__WHAT THE TASK REQUIRES__
Leave no picture in, and give every entry again exactly.

─── LISTED ENTRIES ───

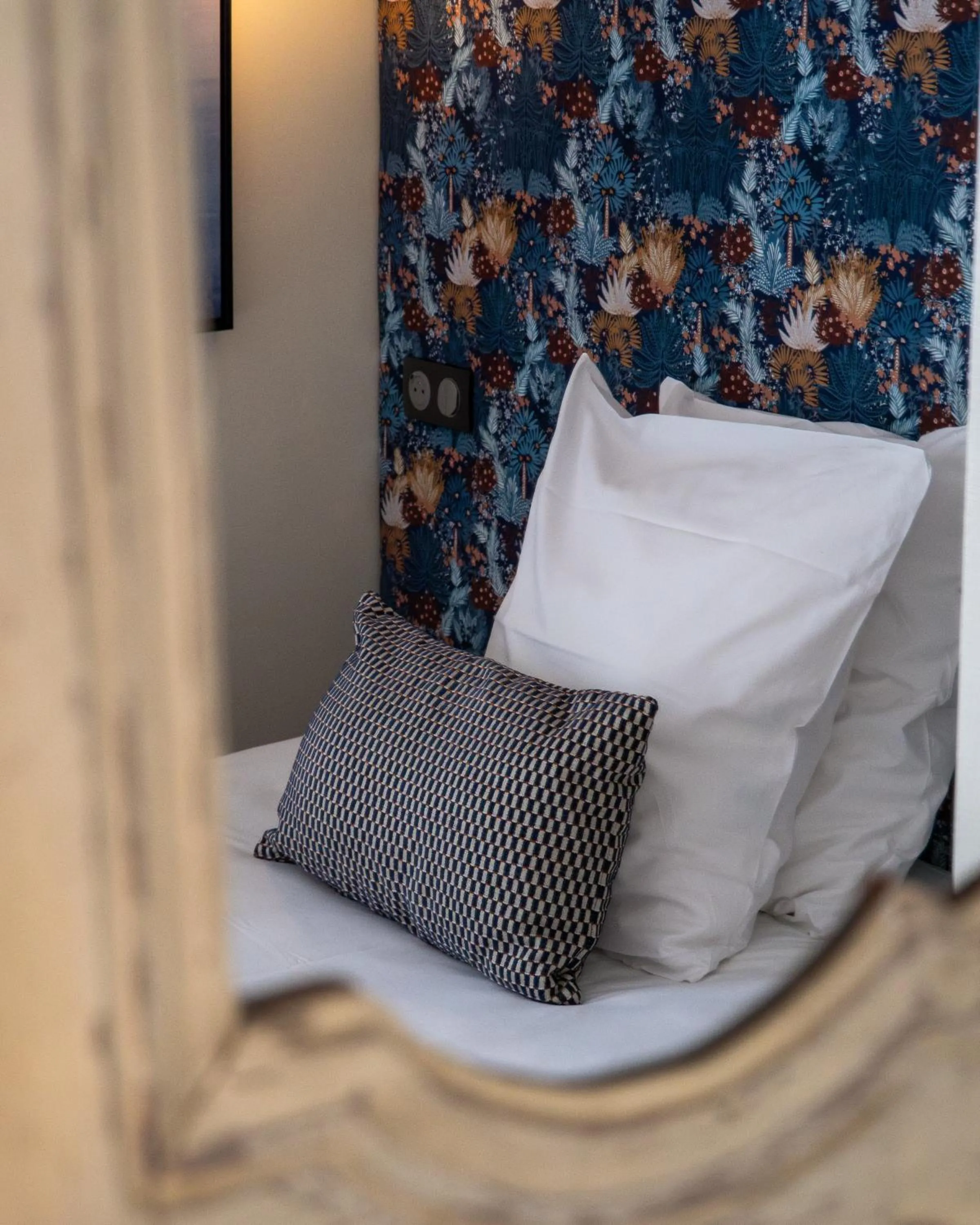 Bed in Hotel de la Bourse, Mulhouse Gare, Sure Hotel Collection by Best Western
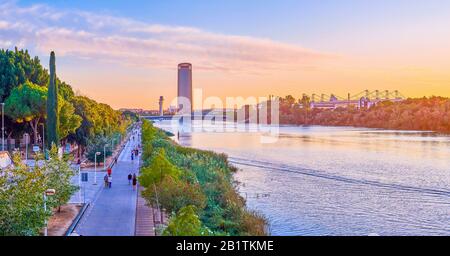 Séville, ESPAGNE - 1 OCTOBRE 2019: La promenade le soir le long de la promenade de Guadalquivir dans les environs de verdure luxuriante est le choix idéal pour se détendre en bus Banque D'Images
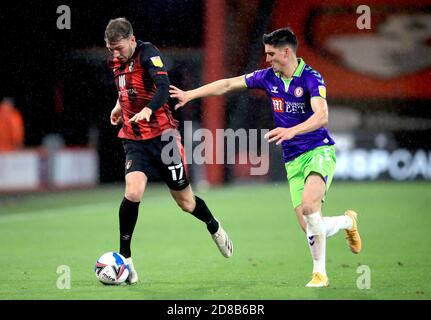 Jack Stacey (à gauche) de l'AFC Bournemouth et Callum O'Dowda de Bristol City se battent pour le ballon lors du match du championnat Sky Bet au stade Vitality, à Bournemouth. Banque D'Images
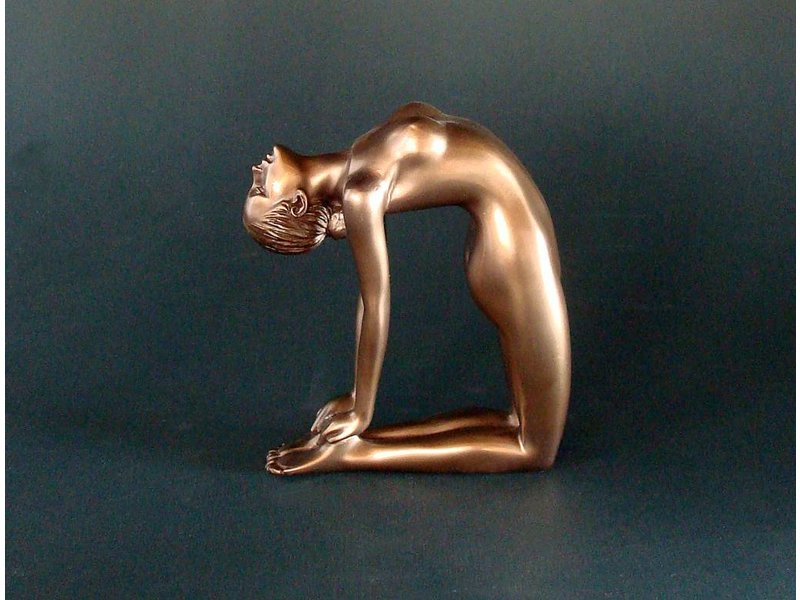 BodyTalk Yoga figurine woman, Ushtrasana - camel pose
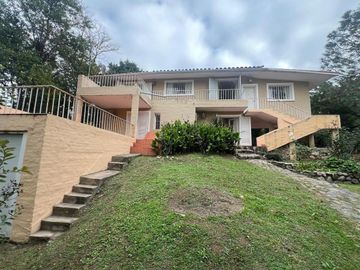 CASA QUINTA EN BIALET MASSE SOBRE RUTA NAC 38 CON PILETA Y VISTA A LAS SIERRAS A 100 M DEL LAGO REF 1997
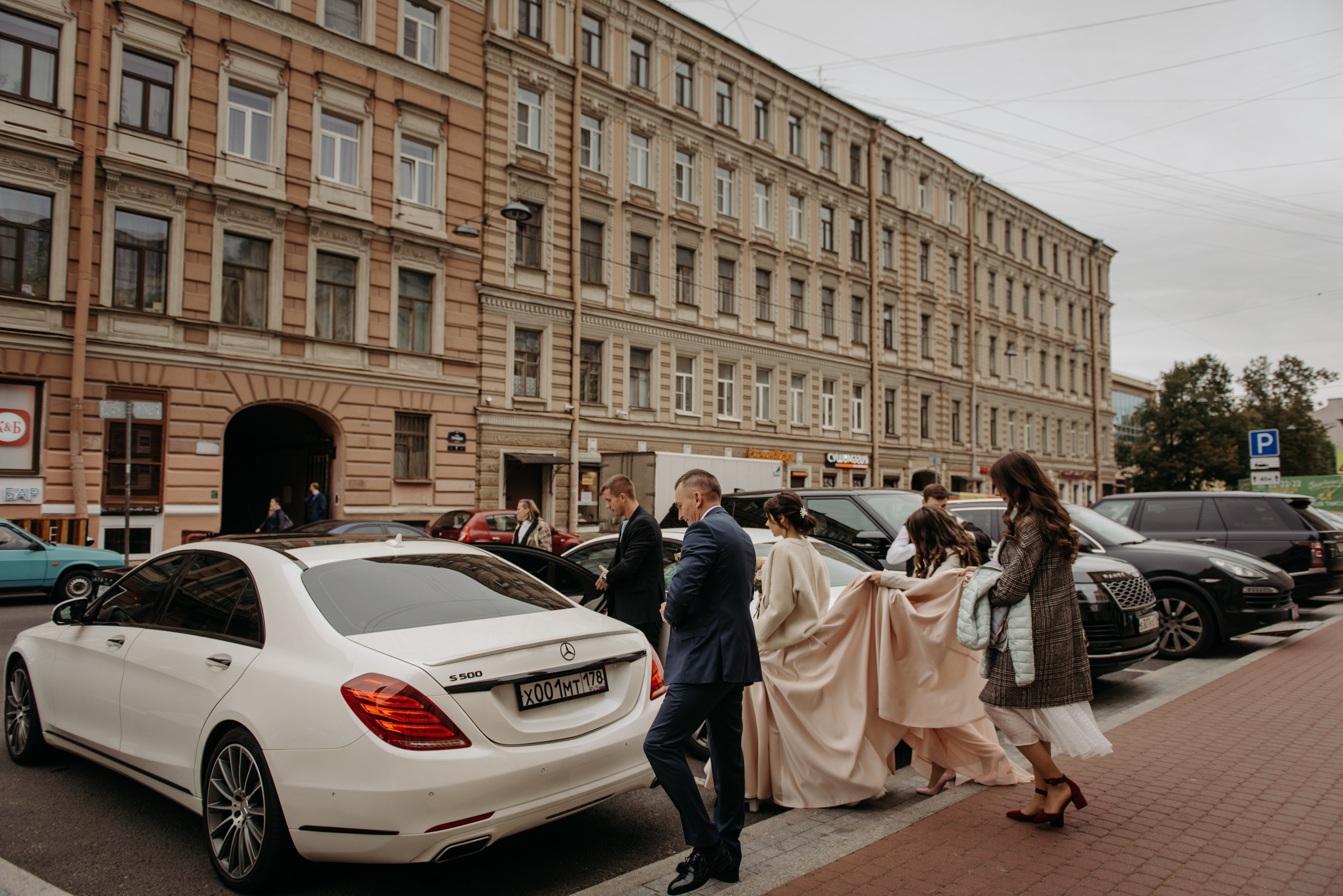 Осенняя свадьба Екатерины и Евгения. Свадебный фотограф в Санкт-Петербурге Венера Ахметова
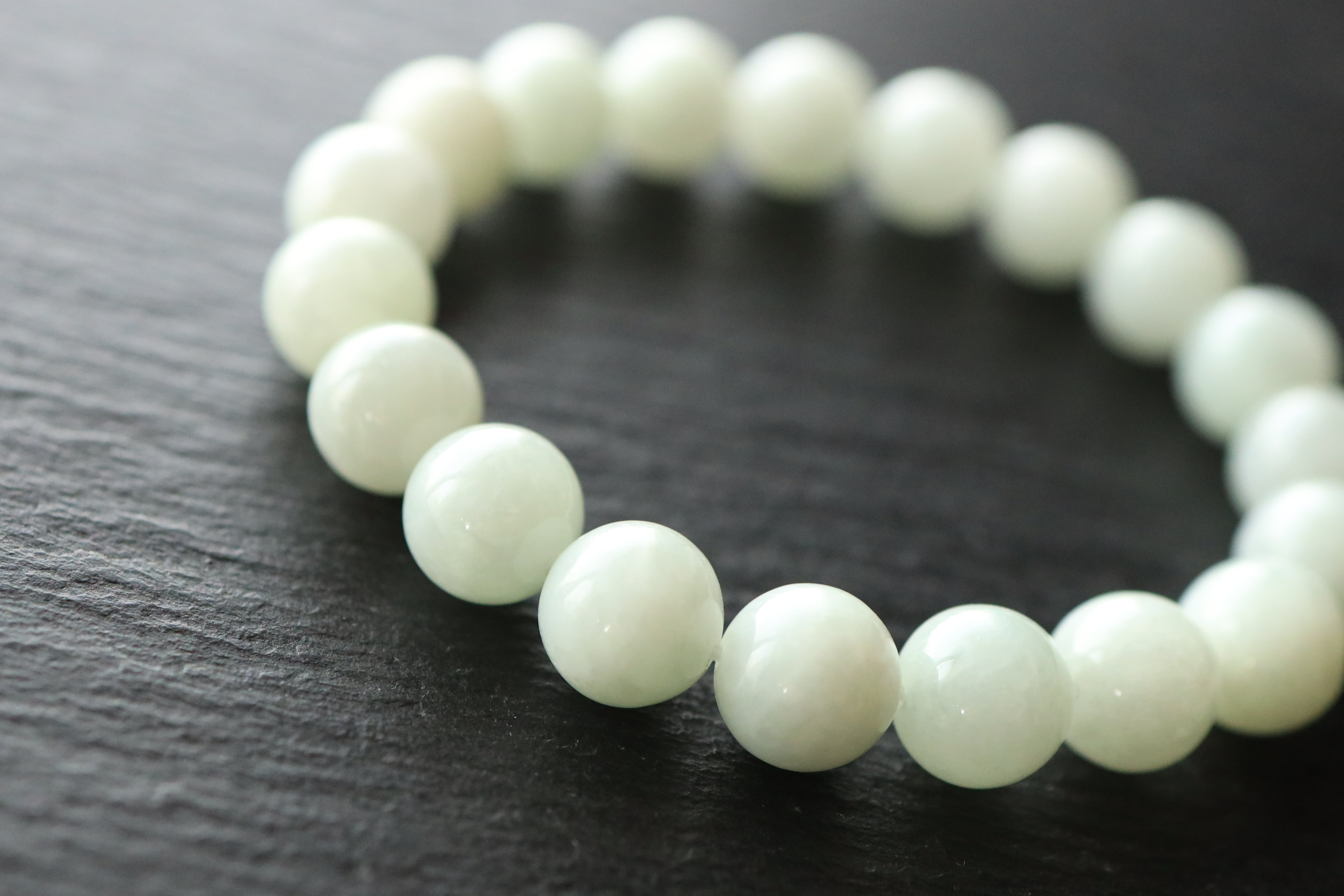 …☆プレミアムブレス☆…☆「翡」・「翠」の名に込められた意味：翡翠：10ミリ☆…☆天然石☆…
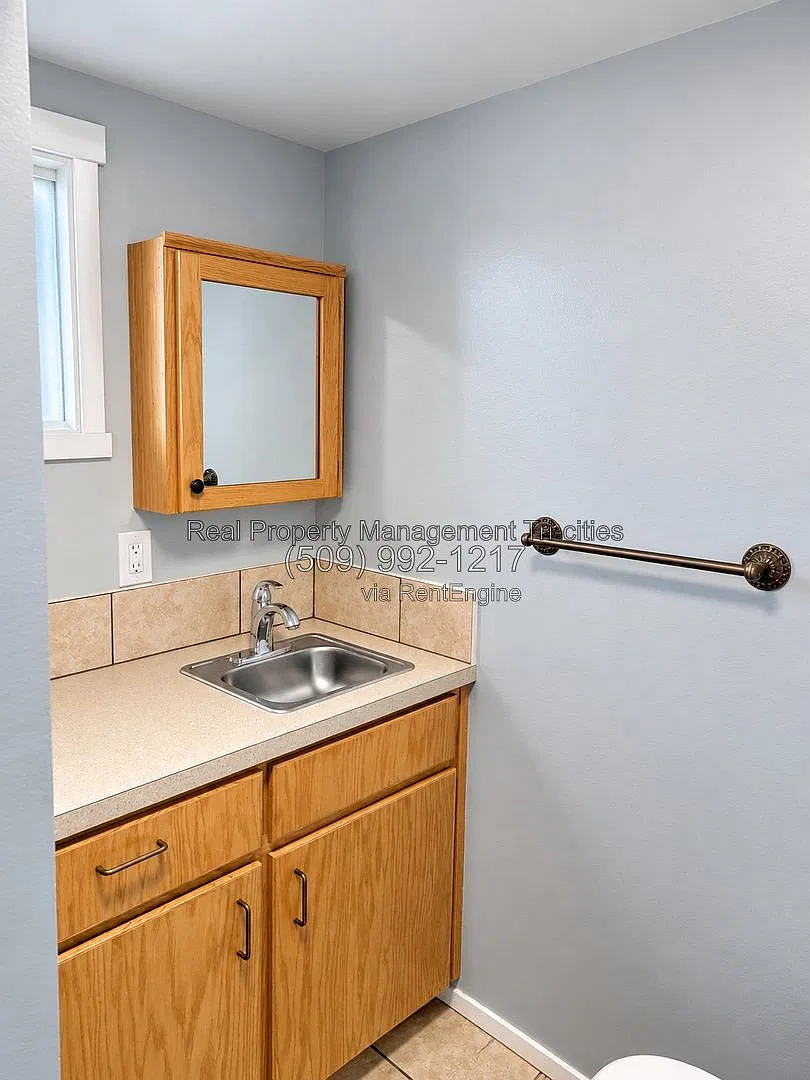 Studio, 1.0 bath, 350 sqft, $895 — Photo 3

───

__OUTPUT__
 Bed in Hotel de la Bourse, Mulhouse Gare, Sure Hotel Collection by Best Western
 Séville, ESPAGNE - 1 OCTOBRE 2019: La promenade le soir le long de la promenade de Guadalquivir dans les environs de verdure luxuriante est le choix idéal pour se détendre en bus Banque D'Images
 Jack Stacey (à gauche) de l'AFC Bournemouth et Callum O'Dowda de Bristol City se battent pour le ballon lors du match du championnat Sky Bet au stade Vitality, à Bournemouth. Banque D'Images
 BodyTalk Yoga figurine woman, Ushtrasana - camel pose
 CASA QUINTA EN BIALET MASSE SOBRE RUTA NAC 38 CON PILETA Y VISTA A LAS SIERRAS A 100 M DEL LAGO REF 1997
 Осенняя свадьба Екатерины и Евгения. Свадебный фотограф в Санкт-Петербурге Венера Ахметова
 …☆プレミアムブレス☆…☆「翡」・「翠」の名に込められた意味：翡翠：10ミリ☆…☆天然石☆…
 Studio, 1.0 bath, 350 sqft, $895 — Photo 3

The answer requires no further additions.